The plot, such as it is, travels between 16th-century Spain, the present day and the 26th century with Hugh Jackman playing 'Tommy' in each. He is either Tommy the conquistador or Tommy the modernday doctor or Tommy the astronaut who has a bald head and sits in a lotus position and goes round space in a bubble. And the space isn't even very good. It looks as if the production people booked an hour at the London Planetarium. There is one bit where he starts doing t'ai chi against the stars which is so risible I actually don't know where to look, so I look at the chap next to me, a reviewer whose sigh-ometer I trust. A few sighs means the movie is OK, lots of sighs means it's not that OK. He sighs non-stop. It's like sitting next to a balloon that is taking 97 minutes to deflate.

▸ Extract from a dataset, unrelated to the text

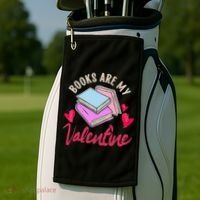 Books Are My Valentine Librarian Book Valentines Day Wo Golf Towel thumb 2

But there is not just Tommy. There is also Izzy (Rachel Weisz). Izzy is either the Queen of Spain or Tommy's dying wife or just there, in a little white hat, looking absolutely radiant. I should suffer from cancer and look so radiant. I should not suffer from cancer and look so radiant. Anyway, in each epoch the search is for `the tree of life'. The conquistador needs to find it to save his queen. The doctor needs to find it to save his wife. The astronaut needs it to bring his beloved back. The action pitches from Mayan witch doctors through to modern hospitals and then spacewards. It chops and changes through time so much I found I wanted to shout, 'Enough, already, with the chopping and changing. Let's just stay in one place for a while.' I also wanted to shout, 'Could someone please put a light on?' This movie is, literally, very dark. And, 'Turn that music off. Please!'

Maybe this film will speak to you. Maybe it's full of the kind of Judaeo–Christian and Buddhist symbolism I just don't get, being as dumb as I am. But the thing is, you find you just don't care about anyone in this film — do I care if Izzy dies? Nope, not a bit. In the end, I think it's a film about accepting death, which is pretty neat, as we all know that anyway. Actually, I did learn one thing from this movie. And that is? That I must look carefully at screening times from now on. I must look very, very carefully indeed.